Provided entries START

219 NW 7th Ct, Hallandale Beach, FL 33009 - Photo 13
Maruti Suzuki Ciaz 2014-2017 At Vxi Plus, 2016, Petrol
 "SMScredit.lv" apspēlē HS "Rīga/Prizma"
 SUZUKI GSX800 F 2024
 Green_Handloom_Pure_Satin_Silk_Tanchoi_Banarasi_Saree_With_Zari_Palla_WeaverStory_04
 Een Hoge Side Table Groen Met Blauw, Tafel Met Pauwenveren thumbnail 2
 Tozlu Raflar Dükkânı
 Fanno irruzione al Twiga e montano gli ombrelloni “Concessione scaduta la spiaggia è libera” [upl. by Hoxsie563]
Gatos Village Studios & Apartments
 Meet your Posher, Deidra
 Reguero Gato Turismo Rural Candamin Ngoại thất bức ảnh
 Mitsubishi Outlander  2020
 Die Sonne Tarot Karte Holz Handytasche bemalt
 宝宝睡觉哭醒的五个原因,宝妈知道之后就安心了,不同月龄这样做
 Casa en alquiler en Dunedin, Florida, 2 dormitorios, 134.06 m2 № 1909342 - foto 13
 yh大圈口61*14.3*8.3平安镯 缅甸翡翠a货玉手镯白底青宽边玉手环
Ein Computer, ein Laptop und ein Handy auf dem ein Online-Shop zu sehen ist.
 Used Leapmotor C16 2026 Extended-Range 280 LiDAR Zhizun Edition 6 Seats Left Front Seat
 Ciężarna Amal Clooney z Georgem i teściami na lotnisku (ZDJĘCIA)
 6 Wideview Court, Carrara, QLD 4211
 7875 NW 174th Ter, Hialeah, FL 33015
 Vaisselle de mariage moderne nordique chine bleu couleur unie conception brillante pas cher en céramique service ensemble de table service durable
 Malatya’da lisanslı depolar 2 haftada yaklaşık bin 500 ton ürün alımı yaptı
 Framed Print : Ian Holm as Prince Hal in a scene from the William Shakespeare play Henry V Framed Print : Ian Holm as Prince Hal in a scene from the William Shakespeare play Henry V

Provided entries END

What is needed –
For each record above, output it exactly as written.

Worked solution –
219 NW 7th Ct, Hallandale Beach, FL 33009 - Photo 13
Maruti Suzuki Ciaz 2014-2017 At Vxi Plus, 2016, Petrol
 "SMScredit.lv" apspēlē HS "Rīga/Prizma"
 SUZUKI GSX800 F 2024
 Green_Handloom_Pure_Satin_Silk_Tanchoi_Banarasi_Saree_With_Zari_Palla_WeaverStory_04
 Een Hoge Side Table Groen Met Blauw, Tafel Met Pauwenveren thumbnail 2
 Tozlu Raflar Dükkânı
 Fanno irruzione al Twiga e montano gli ombrelloni “Concessione scaduta la spiaggia è libera” [upl. by Hoxsie563]
Gatos Village Studios & Apartments
 Meet your Posher, Deidra
 Reguero Gato Turismo Rural Candamin Ngoại thất bức ảnh
 Mitsubishi Outlander  2020
 Die Sonne Tarot Karte Holz Handytasche bemalt
 宝宝睡觉哭醒的五个原因,宝妈知道之后就安心了,不同月龄这样做
 Casa en alquiler en Dunedin, Florida, 2 dormitorios, 134.06 m2 № 1909342 - foto 13
 yh大圈口61*14.3*8.3平安镯 缅甸翡翠a货玉手镯白底青宽边玉手环
Ein Computer, ein Laptop und ein Handy auf dem ein Online-Shop zu sehen ist.
 Used Leapmotor C16 2026 Extended-Range 280 LiDAR Zhizun Edition 6 Seats Left Front Seat
 Ciężarna Amal Clooney z Georgem i teściami na lotnisku (ZDJĘCIA)
 6 Wideview Court, Carrara, QLD 4211
 7875 NW 174th Ter, Hialeah, FL 33015
 Vaisselle de mariage moderne nordique chine bleu couleur unie conception brillante pas cher en céramique service ensemble de table service durable
 Malatya’da lisanslı depolar 2 haftada yaklaşık bin 500 ton ürün alımı yaptı
 Framed Print : Ian Holm as Prince Hal in a scene from the William Shakespeare play Henry V Framed Print : Ian Holm as Prince Hal in a scene from the William Shakespeare play Henry V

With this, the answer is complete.